Sugathakumari stood for nature conservation and the cause of the downtrodden through her poetry and her presence
When a young Sugathakumari began writing poetry in the early 1950s, she chose to hide herself behind a pseudonym, until she was discovered by poet N.V. Krishna Warrier. But in the decades that followed, until her passing away at the age of 86 on Wednesday, she lived a life much more public than most other poets of her generation, being in the forefront of many an environmental and social movement, with her poetry and her presence.

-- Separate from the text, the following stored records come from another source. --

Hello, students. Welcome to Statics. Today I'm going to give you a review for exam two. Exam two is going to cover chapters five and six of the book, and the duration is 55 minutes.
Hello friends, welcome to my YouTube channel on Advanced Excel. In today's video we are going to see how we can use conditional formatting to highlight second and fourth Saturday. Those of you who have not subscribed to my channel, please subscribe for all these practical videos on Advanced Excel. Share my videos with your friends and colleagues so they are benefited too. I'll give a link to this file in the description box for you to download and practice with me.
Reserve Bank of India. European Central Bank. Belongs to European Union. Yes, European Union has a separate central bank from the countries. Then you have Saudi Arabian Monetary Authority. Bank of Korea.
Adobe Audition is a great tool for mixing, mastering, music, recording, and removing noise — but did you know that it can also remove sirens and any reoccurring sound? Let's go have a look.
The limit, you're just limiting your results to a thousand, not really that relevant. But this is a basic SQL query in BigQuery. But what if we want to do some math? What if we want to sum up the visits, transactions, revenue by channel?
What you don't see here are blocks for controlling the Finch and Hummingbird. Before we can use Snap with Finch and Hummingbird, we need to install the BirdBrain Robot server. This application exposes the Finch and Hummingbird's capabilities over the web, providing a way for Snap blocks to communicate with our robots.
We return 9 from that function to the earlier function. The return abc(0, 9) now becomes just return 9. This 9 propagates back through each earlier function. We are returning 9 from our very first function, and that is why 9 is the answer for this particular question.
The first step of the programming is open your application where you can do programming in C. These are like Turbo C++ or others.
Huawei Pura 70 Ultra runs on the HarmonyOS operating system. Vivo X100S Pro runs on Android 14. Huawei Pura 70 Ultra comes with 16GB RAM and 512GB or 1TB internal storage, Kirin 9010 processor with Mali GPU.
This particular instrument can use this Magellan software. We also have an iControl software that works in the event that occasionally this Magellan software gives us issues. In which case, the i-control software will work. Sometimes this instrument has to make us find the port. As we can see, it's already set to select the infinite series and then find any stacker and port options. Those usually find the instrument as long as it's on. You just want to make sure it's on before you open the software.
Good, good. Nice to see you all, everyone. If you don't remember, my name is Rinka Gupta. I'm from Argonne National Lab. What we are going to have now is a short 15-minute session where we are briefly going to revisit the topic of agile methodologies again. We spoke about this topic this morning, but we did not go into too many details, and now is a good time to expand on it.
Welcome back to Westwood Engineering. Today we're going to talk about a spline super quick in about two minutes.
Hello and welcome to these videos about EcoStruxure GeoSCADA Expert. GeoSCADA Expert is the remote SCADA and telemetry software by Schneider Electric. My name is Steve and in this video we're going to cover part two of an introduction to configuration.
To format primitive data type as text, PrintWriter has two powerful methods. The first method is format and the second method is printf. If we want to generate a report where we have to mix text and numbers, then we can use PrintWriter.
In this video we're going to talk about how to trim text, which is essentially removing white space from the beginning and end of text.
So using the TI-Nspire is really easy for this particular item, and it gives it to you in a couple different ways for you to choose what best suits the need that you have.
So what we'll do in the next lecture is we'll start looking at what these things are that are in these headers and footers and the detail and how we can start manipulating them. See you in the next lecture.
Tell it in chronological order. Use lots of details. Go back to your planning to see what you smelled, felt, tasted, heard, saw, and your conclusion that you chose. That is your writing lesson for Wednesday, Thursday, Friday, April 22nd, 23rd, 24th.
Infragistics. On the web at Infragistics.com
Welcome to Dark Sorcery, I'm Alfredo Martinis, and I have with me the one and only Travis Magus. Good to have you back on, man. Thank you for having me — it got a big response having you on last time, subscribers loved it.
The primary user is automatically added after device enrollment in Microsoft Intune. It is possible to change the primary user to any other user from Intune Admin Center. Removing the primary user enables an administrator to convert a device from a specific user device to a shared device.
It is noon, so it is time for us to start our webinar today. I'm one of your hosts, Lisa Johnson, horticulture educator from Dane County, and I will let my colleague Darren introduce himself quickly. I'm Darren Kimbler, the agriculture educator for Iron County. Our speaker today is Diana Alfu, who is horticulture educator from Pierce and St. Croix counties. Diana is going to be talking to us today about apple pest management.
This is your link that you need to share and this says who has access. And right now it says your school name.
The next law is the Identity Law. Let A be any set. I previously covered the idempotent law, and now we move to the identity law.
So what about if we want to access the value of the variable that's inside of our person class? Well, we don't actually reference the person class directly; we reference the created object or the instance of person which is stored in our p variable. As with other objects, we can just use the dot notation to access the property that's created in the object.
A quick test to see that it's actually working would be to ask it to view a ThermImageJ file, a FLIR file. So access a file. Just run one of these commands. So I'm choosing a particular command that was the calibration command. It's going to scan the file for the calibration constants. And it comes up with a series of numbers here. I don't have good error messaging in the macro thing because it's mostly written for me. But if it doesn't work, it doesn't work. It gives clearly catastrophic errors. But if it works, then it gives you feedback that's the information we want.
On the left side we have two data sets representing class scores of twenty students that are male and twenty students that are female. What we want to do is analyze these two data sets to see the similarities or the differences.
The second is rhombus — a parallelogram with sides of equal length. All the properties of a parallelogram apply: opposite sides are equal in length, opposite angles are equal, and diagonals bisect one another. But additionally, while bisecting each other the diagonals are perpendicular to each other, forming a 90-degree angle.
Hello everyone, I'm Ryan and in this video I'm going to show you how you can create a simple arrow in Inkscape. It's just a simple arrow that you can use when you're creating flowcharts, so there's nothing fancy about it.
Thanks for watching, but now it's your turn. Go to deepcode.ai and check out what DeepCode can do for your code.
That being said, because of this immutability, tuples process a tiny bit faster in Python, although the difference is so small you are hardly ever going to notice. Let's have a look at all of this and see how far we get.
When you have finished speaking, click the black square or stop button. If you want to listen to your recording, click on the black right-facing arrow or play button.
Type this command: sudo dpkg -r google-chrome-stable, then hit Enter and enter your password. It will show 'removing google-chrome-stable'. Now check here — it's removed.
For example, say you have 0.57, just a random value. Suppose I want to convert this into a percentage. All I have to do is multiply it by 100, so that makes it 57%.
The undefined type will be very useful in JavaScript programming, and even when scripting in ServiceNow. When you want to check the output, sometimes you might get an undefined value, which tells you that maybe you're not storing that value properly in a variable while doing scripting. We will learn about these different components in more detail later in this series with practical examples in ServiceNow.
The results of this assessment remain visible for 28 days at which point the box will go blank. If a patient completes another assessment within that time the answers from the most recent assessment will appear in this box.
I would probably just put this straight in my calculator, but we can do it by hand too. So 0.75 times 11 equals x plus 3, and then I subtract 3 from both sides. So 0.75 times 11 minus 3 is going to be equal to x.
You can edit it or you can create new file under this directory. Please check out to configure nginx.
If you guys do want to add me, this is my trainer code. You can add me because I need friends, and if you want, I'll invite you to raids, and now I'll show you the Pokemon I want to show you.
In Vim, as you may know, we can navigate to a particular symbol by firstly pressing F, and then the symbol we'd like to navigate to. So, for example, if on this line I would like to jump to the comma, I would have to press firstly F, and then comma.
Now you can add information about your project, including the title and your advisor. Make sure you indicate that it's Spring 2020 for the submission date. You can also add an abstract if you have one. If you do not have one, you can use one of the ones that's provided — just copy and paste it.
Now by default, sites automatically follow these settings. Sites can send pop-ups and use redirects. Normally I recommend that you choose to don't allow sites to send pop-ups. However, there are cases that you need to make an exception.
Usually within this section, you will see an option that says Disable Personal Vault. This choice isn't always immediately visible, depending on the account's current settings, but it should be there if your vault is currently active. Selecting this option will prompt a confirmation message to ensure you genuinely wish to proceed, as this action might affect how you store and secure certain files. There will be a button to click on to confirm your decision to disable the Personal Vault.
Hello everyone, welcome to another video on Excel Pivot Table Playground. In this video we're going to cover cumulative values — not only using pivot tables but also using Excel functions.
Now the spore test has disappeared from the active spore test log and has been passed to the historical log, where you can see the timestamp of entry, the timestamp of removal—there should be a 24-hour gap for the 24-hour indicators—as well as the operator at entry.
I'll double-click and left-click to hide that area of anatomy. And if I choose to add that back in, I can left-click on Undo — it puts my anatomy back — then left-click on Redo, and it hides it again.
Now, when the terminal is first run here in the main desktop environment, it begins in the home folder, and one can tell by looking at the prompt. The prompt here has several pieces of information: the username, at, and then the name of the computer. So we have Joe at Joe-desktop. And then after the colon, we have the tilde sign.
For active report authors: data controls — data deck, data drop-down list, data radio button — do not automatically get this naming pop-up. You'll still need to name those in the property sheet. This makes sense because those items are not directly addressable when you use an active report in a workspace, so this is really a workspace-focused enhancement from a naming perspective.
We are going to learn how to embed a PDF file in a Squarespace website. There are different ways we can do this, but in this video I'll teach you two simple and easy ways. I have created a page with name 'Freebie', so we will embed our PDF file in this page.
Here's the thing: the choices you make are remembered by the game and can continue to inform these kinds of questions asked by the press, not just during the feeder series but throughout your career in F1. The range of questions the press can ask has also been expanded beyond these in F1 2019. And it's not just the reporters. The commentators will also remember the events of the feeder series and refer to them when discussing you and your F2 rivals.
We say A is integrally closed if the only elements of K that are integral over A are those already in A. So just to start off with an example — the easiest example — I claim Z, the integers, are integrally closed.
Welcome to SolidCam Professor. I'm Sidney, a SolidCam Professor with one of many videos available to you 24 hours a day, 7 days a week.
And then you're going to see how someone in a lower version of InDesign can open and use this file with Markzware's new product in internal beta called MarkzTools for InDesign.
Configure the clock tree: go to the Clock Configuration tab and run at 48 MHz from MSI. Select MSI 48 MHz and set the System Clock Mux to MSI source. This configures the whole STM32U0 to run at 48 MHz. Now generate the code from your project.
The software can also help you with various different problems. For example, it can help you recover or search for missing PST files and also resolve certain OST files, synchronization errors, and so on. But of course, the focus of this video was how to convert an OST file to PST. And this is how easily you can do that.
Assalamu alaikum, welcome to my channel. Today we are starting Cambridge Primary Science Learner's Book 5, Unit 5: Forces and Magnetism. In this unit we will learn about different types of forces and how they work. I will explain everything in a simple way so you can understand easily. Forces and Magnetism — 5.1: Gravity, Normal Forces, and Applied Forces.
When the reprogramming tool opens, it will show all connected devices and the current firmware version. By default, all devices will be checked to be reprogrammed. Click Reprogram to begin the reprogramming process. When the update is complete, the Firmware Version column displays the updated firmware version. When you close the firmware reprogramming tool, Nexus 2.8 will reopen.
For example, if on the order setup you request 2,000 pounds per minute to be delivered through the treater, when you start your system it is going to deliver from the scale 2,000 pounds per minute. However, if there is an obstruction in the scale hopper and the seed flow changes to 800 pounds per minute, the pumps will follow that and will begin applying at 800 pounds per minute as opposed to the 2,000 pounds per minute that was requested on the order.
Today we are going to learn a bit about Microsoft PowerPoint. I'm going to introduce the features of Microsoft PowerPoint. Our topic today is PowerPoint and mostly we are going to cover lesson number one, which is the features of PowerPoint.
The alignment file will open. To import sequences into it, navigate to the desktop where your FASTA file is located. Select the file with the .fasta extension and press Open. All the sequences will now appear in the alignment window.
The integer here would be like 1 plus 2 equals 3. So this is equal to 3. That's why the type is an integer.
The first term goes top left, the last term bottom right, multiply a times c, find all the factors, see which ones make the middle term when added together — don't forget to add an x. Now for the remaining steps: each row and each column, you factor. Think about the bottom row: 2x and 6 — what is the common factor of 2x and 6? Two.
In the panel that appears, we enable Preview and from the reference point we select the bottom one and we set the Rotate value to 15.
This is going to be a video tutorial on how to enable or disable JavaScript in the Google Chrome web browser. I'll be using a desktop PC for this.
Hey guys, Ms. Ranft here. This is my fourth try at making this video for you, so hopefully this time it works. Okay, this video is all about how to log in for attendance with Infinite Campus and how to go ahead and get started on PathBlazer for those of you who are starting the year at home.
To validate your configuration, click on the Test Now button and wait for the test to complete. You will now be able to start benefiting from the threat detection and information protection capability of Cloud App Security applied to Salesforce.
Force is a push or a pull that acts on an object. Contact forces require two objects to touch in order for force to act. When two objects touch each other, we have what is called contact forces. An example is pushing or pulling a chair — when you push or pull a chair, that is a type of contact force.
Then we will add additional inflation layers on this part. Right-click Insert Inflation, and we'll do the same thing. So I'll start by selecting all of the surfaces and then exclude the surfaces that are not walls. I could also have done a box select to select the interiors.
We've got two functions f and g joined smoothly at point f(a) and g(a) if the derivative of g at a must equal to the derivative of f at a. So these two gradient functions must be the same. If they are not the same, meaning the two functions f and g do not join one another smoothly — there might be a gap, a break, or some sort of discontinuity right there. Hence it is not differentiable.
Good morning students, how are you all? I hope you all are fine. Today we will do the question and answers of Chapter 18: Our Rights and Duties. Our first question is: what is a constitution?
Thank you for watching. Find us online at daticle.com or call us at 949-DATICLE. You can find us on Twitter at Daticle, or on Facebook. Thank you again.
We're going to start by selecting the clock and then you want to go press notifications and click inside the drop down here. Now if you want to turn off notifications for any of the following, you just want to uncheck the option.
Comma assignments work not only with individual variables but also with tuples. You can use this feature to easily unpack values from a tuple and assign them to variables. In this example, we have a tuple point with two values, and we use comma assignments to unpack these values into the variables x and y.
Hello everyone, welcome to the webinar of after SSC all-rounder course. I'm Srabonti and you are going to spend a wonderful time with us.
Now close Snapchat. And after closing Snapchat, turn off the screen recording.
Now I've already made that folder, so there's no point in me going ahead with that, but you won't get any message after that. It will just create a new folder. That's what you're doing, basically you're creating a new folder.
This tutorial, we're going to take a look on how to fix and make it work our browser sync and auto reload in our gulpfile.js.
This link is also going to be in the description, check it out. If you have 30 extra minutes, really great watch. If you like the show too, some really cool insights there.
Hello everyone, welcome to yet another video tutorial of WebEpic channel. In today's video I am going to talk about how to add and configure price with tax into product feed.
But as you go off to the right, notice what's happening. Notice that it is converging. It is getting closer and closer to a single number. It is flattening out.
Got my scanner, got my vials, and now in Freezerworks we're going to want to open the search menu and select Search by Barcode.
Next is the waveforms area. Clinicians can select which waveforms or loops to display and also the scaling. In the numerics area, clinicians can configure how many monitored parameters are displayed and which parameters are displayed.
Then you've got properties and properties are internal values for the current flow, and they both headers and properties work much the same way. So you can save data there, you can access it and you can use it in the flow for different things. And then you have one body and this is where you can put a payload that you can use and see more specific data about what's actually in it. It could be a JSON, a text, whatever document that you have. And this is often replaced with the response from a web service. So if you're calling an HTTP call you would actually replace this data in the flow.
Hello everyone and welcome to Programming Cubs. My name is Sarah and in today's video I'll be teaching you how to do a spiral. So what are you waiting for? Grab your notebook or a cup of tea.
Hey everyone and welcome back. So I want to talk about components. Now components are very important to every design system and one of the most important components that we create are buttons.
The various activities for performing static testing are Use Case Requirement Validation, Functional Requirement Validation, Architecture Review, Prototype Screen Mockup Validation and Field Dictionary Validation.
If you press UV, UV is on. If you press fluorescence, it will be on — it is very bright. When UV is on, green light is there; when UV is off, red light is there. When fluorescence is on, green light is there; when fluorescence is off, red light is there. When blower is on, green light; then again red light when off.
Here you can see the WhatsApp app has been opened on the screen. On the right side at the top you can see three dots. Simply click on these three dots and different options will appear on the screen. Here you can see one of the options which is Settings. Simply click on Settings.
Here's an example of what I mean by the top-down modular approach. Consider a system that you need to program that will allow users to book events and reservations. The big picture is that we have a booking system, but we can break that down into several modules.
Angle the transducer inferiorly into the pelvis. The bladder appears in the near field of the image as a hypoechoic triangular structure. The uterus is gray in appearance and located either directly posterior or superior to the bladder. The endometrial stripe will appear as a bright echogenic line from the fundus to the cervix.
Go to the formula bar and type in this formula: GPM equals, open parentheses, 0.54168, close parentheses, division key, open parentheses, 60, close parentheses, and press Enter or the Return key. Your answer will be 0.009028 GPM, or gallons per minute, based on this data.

Born in Aranmula in 1934, the early sparks of language and concern for society came from her father Bodheswaran, poet and social reformer who took part in Vaikom Satyagraha and the freedom struggle and her mother Karthyayini Amma, a Sanskrit scholar. In those early days, her poetry was filled with romantic themes, with her devotion for Krishna coming through in some of these works. Yet, the sorrow and pathos that marked much of her poetry were visible in the early days too.
Saviour of Silent Valley
Nature as a theme began entering her poetry when she became involved with the Save Silent Valley Movement of the 1970s, spearheaded by John C. Jacob, M.K. Prasad and others. Her Marathinu Sthuthi (Ode to a tree) became the movement’s anthem. The movement led to shelving of the proposed hydroelectric dam project which would have destroyed the evergreen forest. Sugathakumari later became part of several environmental protest movements in the State, with the most notable in recent times being the protest against the Aranmula airport, which was proposed to be built after reclaiming paddy fields.
A shelter for women
In 1986, a visit to the Government Mental Hospital at Oolanpara here, during which she witnessed the appalling living conditions of the inmates, led her to launch Abhaya, an organisation for destitute women and mental health patients.
“Young women were stuffed inside box-like cells. Many of them were naked and others were in dirty clothes. I left the place in tears. That was the second turning point in my life, after the Silent Valley agitation,” Sugathakumari told The Hindu in 2016.
Her interventions opened up the mental hospitals in the State to public scrutiny and led to a sea change in the living conditions there. Within a few years, the Abhayagramam was set up on 10 acres of land in the capital, which became a shelter for victims of abuse, chronically mentally ill women patients and children from low-income families.
In 1996, the government chose her to be the first chairperson of the Kerala State Women’s Commission, where she set the standards for her successors.
All these issues that she intervened in reflected in her poetry, which was filled with deeply moving laments for the trampled upon. Amid all her activism, she continued to pen lines which fetched her accolades from all around. She won her first Kerala Sahitya Akademi Award for Pathirapookkal. Rathrimazha, one of her most popular works, won her the Kendra Sahitya Akademy Award.
Muthuchippi, Paavam Maanavahridayam, Irul Chirakukal, Thulaavarshappacha, and Radha Evide are some of her other noted works.
She has been conferred with almost all the major literary awards, including the Odakuzhal Award, Vayalar Award, Asan Prize, Ezuthachan Award and the O.N.V. Literary Prize. In 2006, she was honoured with Padma Shri, the country’s fourth-highest civilian honour.
Although some of her conservative views had led to criticisms from progressive circles in recent years, she continued to strongly voice her opinions on various issues. Even in 2018, when she had cut down on public functions owing to her deteriorating health, she took part in a protest in solidarity with the protesting nuns from the Missionaries of Jesus, demanding the arrest of rape-accused bishop Franco Mulakkal.
Her elder sister and literary critic Hridayakumari, younger sister Sujatha Devi and husband K. Velayudhan Nair passed away earlier.
As she walks away, one can remember her lines which had words of thanks to the sunlight that lit my path, to the shades on the way, to the small cuckoo on the tree branch and to the pain-inflicting thorn on my path. Many a tree still standing because of her, would remember her for the verses which saved them.